Authors: TaeWoo Kim (University of Technology Sydney, Canada), Hye Jin Lee (Indiana University), Yoo Sun Kim (N/A), Adam Duhachek (Indiana University)

Building on the burgeoning literature of consumer dishonesty, the current research examines whether consumers’ dishonest behaviors amplify when interacting with non-human artificial agents (e.g., AI or robots). Prior research has shown that unethical behavior is suppressed by personal or situational inhibitory factors such as guilt feelings (e.g., Ekman, 1985). That is, consumers forgo cheating opportunities for incentives when the action carries more anticipatory guilt. Based on prior work that artificial (vs. human) agents are considered to lack the ability to feel (Waytz and Norton 2004), we hypothesize that consumers would perceive cheating on non-human agents less harmful and feel less guilty, leading to greater engagement in unethical behavior. The hypothesis was supported by three experiments.

In Study 1, participants (N = 138 undergraduate) were told that they would get into a lottery to win $100 in case the number they chose matches with the number that an agent would randomly choose. The result shows that individuals cheat more when an AI Alexa (vs. human confederate) was introduced as the officiating agent. This study shows that people tend to behave more dishonestly when they are interacting with an AI (vs. human).

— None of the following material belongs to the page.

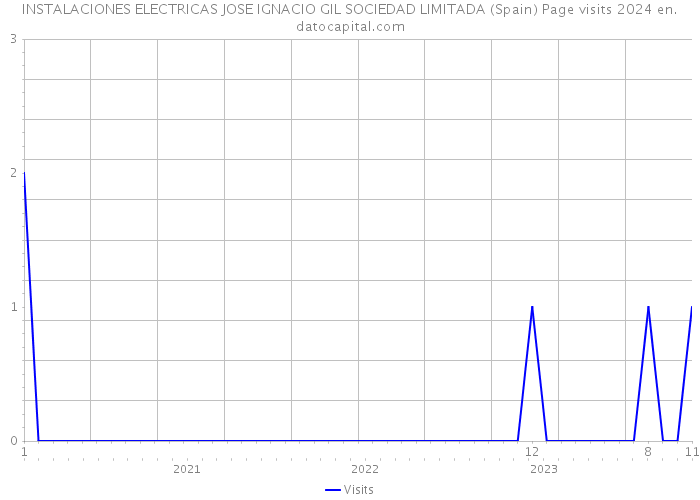 INSTALACIONES ELECTRICAS JOSE IGNACIO GIL SOCIEDAD LIMITADA (Spain) Page visits 2024 
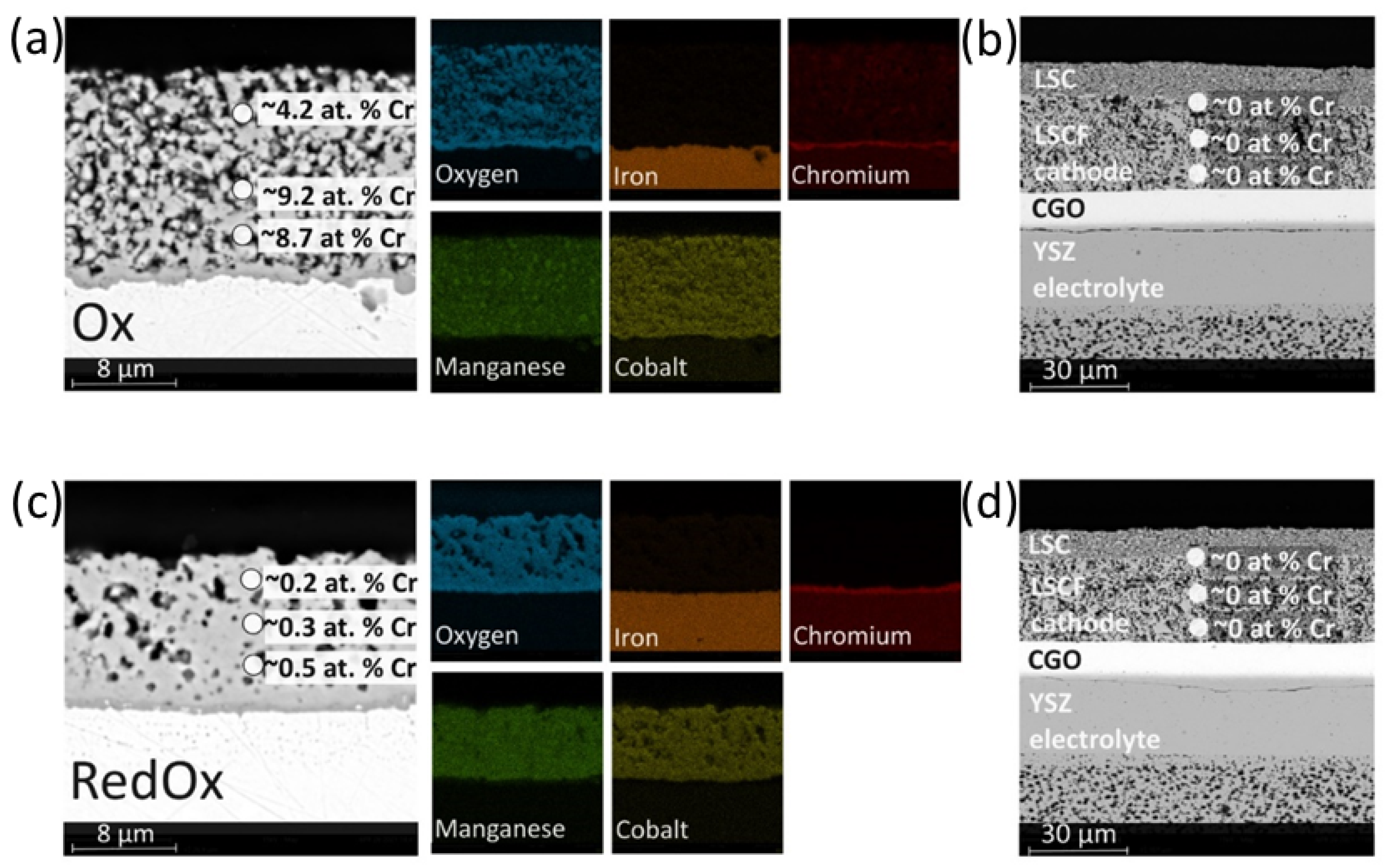 Materials 14 03836 g006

In extension of this finding into a marketing context, participants in Study 2 (N = 83 undergraduate) were provided with a hypotheticals scenario in which they were selling a used car to a car dealer on the internet. For a car that has true mileage of 80,000 miles but showing an incorrect odometer reading of 60,000 miles, they were asked to indicate the mileage that they will inform to a potential buyer of the car. The result shows that individuals reported lower mileage when they believed that they are reporting to an AI (vs. human) car dealer.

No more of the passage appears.